Controlled Foreign Companies: The CFC charge gateway chapter 8 - solo consolidation: introduction
Regulatory constraints would ordinarily inhibit a UK bank from financing a CFC mainly with equity, because a shareholding in a CFC will generally be disregarded for regulatory purposes, so requiring the UK bank to fully replace the capital so invested in order to fulfil its regulatory obligations, which may themselves be increased by its exposure to the risk inherent in the subsidiary’s business.
Solo consolidation allows a UK bank to treat an unregulated CFC as if it were a division of the UK bank rather than a separate entity. More information can be found here).

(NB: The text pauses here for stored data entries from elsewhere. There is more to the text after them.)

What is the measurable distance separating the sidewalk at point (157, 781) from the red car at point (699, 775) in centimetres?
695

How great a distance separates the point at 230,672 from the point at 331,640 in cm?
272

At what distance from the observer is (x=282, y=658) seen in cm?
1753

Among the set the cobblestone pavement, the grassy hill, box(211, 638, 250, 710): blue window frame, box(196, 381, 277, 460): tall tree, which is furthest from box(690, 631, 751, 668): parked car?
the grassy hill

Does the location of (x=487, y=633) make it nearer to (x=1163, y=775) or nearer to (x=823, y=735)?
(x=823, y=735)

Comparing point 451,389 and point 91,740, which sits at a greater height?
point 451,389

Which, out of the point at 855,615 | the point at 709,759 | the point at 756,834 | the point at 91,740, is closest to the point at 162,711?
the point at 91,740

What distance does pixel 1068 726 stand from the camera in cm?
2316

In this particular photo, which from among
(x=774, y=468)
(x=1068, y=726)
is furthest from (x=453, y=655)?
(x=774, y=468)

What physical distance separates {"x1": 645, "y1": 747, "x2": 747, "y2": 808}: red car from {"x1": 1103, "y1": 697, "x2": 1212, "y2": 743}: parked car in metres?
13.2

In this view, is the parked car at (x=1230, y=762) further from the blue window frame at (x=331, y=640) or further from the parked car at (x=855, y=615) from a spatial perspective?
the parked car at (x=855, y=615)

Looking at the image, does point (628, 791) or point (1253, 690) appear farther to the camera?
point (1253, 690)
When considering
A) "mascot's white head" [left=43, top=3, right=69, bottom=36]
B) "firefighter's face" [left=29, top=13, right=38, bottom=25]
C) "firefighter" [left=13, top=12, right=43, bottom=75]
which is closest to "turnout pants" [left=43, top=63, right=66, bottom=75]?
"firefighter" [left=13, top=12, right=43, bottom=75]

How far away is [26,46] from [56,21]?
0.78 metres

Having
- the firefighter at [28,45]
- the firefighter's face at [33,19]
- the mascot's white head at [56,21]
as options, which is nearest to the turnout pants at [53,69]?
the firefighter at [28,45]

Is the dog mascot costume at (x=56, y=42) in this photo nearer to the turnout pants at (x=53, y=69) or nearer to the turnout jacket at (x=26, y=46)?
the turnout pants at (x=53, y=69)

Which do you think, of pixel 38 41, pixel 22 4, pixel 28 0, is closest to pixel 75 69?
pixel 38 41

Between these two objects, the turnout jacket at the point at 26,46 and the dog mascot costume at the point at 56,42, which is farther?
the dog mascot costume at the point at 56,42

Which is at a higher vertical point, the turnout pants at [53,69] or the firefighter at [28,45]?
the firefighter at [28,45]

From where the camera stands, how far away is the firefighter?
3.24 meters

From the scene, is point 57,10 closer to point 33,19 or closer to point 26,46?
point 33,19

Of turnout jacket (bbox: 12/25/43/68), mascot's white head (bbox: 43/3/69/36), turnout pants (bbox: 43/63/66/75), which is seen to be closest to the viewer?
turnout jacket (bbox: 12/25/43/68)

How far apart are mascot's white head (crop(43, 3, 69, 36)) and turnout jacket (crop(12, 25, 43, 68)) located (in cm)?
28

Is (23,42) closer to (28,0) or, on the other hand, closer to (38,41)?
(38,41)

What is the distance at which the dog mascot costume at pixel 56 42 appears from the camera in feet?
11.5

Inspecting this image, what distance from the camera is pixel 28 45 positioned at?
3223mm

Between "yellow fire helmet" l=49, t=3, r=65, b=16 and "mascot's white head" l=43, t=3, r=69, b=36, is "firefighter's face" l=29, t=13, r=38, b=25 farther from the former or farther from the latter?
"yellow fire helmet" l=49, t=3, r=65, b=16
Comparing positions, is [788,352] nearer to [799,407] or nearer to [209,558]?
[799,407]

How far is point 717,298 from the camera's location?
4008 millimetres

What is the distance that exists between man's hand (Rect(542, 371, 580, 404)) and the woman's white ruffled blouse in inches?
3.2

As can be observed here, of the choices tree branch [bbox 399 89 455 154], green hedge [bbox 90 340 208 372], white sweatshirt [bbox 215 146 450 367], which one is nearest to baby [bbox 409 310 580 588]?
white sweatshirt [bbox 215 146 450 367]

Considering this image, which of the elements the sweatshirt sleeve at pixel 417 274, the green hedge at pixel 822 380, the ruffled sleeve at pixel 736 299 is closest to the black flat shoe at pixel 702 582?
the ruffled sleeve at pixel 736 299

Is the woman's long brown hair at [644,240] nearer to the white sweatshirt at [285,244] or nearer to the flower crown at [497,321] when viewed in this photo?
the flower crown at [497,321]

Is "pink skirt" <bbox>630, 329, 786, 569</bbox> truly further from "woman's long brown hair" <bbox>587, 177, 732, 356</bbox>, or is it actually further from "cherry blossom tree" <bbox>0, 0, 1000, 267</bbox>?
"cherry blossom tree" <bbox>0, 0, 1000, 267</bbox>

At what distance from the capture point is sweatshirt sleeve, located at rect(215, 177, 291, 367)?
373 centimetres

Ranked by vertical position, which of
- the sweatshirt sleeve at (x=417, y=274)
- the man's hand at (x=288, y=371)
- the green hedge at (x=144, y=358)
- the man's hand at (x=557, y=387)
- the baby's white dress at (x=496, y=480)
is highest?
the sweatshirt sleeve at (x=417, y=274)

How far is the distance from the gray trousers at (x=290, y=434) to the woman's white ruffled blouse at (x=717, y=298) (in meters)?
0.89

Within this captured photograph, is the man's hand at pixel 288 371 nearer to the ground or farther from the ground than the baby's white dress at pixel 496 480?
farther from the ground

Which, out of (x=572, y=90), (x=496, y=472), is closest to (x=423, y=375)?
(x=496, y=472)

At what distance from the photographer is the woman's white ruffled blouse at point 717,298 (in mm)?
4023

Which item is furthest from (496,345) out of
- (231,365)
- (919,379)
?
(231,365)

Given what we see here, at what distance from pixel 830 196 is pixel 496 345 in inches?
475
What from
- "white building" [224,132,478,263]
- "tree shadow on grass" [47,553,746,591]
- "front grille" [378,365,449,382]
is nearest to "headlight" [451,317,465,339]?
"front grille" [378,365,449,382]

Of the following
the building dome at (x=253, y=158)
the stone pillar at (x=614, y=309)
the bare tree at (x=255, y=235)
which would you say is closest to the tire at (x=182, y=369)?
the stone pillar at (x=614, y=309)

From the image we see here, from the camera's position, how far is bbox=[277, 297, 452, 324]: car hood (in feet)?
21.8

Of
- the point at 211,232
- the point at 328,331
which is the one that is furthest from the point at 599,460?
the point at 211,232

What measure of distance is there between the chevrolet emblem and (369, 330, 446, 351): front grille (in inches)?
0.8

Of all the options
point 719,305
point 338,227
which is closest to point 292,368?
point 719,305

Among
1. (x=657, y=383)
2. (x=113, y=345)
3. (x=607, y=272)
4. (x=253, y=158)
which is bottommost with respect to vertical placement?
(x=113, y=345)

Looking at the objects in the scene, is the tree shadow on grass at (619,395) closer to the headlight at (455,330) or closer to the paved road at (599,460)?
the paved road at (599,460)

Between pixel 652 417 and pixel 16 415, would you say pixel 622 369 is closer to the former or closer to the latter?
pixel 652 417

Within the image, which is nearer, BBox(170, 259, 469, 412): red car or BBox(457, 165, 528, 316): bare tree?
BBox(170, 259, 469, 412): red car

This negates the regulatory disincentive for equity investment in a CFC, because the CFC’s assets are treated as if they were held by the UK bank.
A UK bank would have a strong incentive to place capital in a CFC in a low tax jurisdiction if it were able to obtain approval for solo consolidation for that CFC. The CFC would undertake banking operations without any cost of borrowing, so would make disproportionately large profits, while the UK bank would incur all the cost of borrowing for both the UK and non UK banking operations. The consequence of solo consolidation of a CFC could therefore be to substantially reduce the UK bank’s profitability without affecting the profitability of the combined enterprise.
Where a UK bank is regulated on the basis of solo consolidation of a CFC, TIOPA10/Part 9A/Chapter 8 provides that the potentially apportioned profit of the CFC should be the amount of profit (if any) that is in excess of the profit that would have been attributed to the CFC if it had been a foreign PE of the UK bank.